* [Task brief] Look below for the line containing "Ankle Breaker Chapter" and the line containing "квартира г Нижний"; repeat exactly those two lines and all lines between them, and nothing else.

* [Task data]
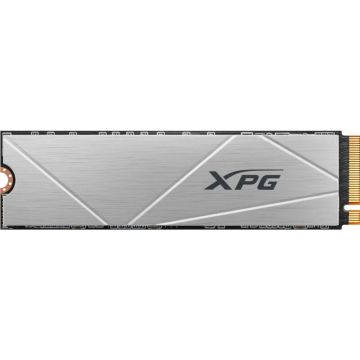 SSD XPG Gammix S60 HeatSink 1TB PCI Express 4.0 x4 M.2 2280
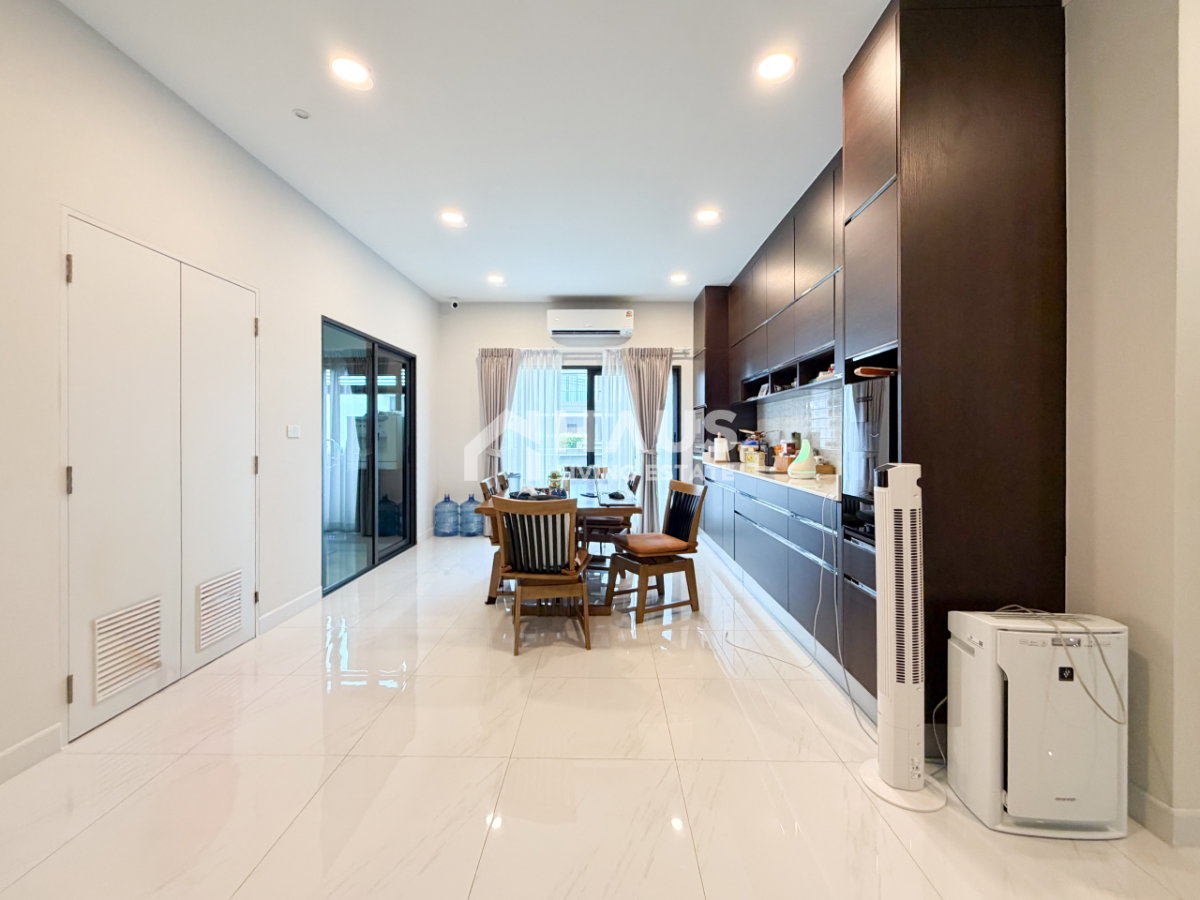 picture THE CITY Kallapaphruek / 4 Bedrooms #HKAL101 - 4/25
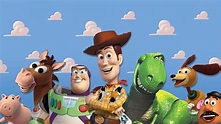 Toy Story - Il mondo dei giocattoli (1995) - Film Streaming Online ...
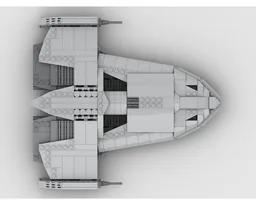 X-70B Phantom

* * *

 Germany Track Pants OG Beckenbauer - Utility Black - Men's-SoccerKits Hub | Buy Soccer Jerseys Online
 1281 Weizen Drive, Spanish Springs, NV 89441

--

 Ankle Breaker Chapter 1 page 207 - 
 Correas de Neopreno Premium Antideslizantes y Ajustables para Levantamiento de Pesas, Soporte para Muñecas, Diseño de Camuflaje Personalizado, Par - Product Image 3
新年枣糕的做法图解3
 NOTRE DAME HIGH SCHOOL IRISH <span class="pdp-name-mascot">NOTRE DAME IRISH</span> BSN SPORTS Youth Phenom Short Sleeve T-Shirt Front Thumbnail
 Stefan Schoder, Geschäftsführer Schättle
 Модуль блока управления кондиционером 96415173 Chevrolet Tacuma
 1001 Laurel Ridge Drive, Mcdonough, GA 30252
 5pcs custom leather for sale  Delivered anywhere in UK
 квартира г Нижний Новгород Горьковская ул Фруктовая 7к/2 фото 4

* [The completed task]
 Ankle Breaker Chapter 1 page 207 - 
 Correas de Neopreno Premium Antideslizantes y Ajustables para Levantamiento de Pesas, Soporte para Muñecas, Diseño de Camuflaje Personalizado, Par - Product Image 3
新年枣糕的做法图解3
 NOTRE DAME HIGH SCHOOL IRISH <span class="pdp-name-mascot">NOTRE DAME IRISH</span> BSN SPORTS Youth Phenom Short Sleeve T-Shirt Front Thumbnail
 Stefan Schoder, Geschäftsführer Schättle
 Модуль блока управления кондиционером 96415173 Chevrolet Tacuma
 1001 Laurel Ridge Drive, Mcdonough, GA 30252
 5pcs custom leather for sale  Delivered anywhere in UK
 квартира г Нижний Новгород Горьковская ул Фруктовая 7к/2 фото 4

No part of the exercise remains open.